◆ **Instructions to follow**
Your task is to give the data again, exactly, with every line intact.

*** Supplied information ***

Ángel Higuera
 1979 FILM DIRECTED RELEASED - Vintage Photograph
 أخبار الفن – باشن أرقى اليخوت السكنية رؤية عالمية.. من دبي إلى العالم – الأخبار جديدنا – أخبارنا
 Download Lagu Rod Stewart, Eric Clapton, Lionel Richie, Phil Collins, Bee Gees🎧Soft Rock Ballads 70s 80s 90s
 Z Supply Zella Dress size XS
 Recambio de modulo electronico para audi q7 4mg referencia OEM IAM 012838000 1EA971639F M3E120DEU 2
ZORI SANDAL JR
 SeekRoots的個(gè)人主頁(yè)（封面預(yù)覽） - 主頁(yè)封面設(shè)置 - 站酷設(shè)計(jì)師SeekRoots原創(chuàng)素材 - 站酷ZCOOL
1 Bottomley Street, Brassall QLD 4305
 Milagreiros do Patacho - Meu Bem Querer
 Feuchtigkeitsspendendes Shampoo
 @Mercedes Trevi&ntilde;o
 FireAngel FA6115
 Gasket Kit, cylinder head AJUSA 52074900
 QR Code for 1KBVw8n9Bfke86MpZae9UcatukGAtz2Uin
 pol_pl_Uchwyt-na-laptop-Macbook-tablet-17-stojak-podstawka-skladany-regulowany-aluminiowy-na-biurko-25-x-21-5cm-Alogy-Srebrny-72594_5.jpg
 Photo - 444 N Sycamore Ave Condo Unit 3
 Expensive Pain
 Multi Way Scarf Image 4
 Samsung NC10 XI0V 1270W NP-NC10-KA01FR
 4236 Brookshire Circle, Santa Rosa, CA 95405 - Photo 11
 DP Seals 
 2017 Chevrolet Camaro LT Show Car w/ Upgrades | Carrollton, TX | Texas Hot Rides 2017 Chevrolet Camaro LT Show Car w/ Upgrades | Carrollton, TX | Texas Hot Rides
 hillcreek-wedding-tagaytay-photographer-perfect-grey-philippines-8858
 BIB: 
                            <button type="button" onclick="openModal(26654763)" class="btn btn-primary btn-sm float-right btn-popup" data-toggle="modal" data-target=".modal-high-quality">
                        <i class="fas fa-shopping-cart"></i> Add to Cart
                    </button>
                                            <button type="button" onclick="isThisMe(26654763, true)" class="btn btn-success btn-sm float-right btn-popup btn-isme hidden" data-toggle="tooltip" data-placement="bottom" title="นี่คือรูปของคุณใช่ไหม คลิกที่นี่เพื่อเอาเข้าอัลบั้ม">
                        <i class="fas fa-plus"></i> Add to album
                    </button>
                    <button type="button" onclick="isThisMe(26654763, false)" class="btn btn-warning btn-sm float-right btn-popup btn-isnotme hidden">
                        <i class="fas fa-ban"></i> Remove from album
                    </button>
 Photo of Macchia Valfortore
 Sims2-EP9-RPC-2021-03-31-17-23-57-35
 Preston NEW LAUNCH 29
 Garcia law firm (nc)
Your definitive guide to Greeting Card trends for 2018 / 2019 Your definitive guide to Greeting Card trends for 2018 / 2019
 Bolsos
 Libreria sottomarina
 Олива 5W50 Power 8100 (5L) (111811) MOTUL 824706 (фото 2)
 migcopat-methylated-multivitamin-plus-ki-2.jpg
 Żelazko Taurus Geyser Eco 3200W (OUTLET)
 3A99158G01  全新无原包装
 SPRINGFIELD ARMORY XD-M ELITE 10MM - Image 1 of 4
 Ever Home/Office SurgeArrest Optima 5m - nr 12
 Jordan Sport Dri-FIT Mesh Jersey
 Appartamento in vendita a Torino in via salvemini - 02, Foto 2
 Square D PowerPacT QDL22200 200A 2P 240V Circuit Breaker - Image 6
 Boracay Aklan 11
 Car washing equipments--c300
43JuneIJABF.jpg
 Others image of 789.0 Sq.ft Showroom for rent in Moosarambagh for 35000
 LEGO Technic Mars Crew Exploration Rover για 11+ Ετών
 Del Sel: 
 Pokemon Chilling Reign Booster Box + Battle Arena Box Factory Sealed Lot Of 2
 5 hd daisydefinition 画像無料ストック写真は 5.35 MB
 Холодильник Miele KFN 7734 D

*** End of Supplied information ***

◆ **Solution for this exercise**
Ángel Higuera
 1979 FILM DIRECTED RELEASED - Vintage Photograph
 أخبار الفن – باشن أرقى اليخوت السكنية رؤية عالمية.. من دبي إلى العالم – الأخبار جديدنا – أخبارنا
 Download Lagu Rod Stewart, Eric Clapton, Lionel Richie, Phil Collins, Bee Gees🎧Soft Rock Ballads 70s 80s 90s
 Z Supply Zella Dress size XS
 Recambio de modulo electronico para audi q7 4mg referencia OEM IAM 012838000 1EA971639F M3E120DEU 2
ZORI SANDAL JR
 SeekRoots的個(gè)人主頁(yè)（封面預(yù)覽） - 主頁(yè)封面設(shè)置 - 站酷設(shè)計(jì)師SeekRoots原創(chuàng)素材 - 站酷ZCOOL
1 Bottomley Street, Brassall QLD 4305
 Milagreiros do Patacho - Meu Bem Querer
 Feuchtigkeitsspendendes Shampoo
 @Mercedes Trevi&ntilde;o
 FireAngel FA6115
 Gasket Kit, cylinder head AJUSA 52074900
 QR Code for 1KBVw8n9Bfke86MpZae9UcatukGAtz2Uin
 pol_pl_Uchwyt-na-laptop-Macbook-tablet-17-stojak-podstawka-skladany-regulowany-aluminiowy-na-biurko-25-x-21-5cm-Alogy-Srebrny-72594_5.jpg
 Photo - 444 N Sycamore Ave Condo Unit 3
 Expensive Pain
 Multi Way Scarf Image 4
 Samsung NC10 XI0V 1270W NP-NC10-KA01FR
 4236 Brookshire Circle, Santa Rosa, CA 95405 - Photo 11
 DP Seals 
 2017 Chevrolet Camaro LT Show Car w/ Upgrades | Carrollton, TX | Texas Hot Rides 2017 Chevrolet Camaro LT Show Car w/ Upgrades | Carrollton, TX | Texas Hot Rides
 hillcreek-wedding-tagaytay-photographer-perfect-grey-philippines-8858
 BIB: 
                            <button type="button" onclick="openModal(26654763)" class="btn btn-primary btn-sm float-right btn-popup" data-toggle="modal" data-target=".modal-high-quality">
                        <i class="fas fa-shopping-cart"></i> Add to Cart
                    </button>
                                            <button type="button" onclick="isThisMe(26654763, true)" class="btn btn-success btn-sm float-right btn-popup btn-isme hidden" data-toggle="tooltip" data-placement="bottom" title="นี่คือรูปของคุณใช่ไหม คลิกที่นี่เพื่อเอาเข้าอัลบั้ม">
                        <i class="fas fa-plus"></i> Add to album
                    </button>
                    <button type="button" onclick="isThisMe(26654763, false)" class="btn btn-warning btn-sm float-right btn-popup btn-isnotme hidden">
                        <i class="fas fa-ban"></i> Remove from album
                    </button>
 Photo of Macchia Valfortore
 Sims2-EP9-RPC-2021-03-31-17-23-57-35
 Preston NEW LAUNCH 29
 Garcia law firm (nc)
Your definitive guide to Greeting Card trends for 2018 / 2019 Your definitive guide to Greeting Card trends for 2018 / 2019
 Bolsos
 Libreria sottomarina
 Олива 5W50 Power 8100 (5L) (111811) MOTUL 824706 (фото 2)
 migcopat-methylated-multivitamin-plus-ki-2.jpg
 Żelazko Taurus Geyser Eco 3200W (OUTLET)
 3A99158G01  全新无原包装
 SPRINGFIELD ARMORY XD-M ELITE 10MM - Image 1 of 4
 Ever Home/Office SurgeArrest Optima 5m - nr 12
 Jordan Sport Dri-FIT Mesh Jersey
 Appartamento in vendita a Torino in via salvemini - 02, Foto 2
 Square D PowerPacT QDL22200 200A 2P 240V Circuit Breaker - Image 6
 Boracay Aklan 11
 Car washing equipments--c300
43JuneIJABF.jpg
 Others image of 789.0 Sq.ft Showroom for rent in Moosarambagh for 35000
 LEGO Technic Mars Crew Exploration Rover για 11+ Ετών
 Del Sel: 
 Pokemon Chilling Reign Booster Box + Battle Arena Box Factory Sealed Lot Of 2
 5 hd daisydefinition 画像無料ストック写真は 5.35 MB
 Холодильник Miele KFN 7734 D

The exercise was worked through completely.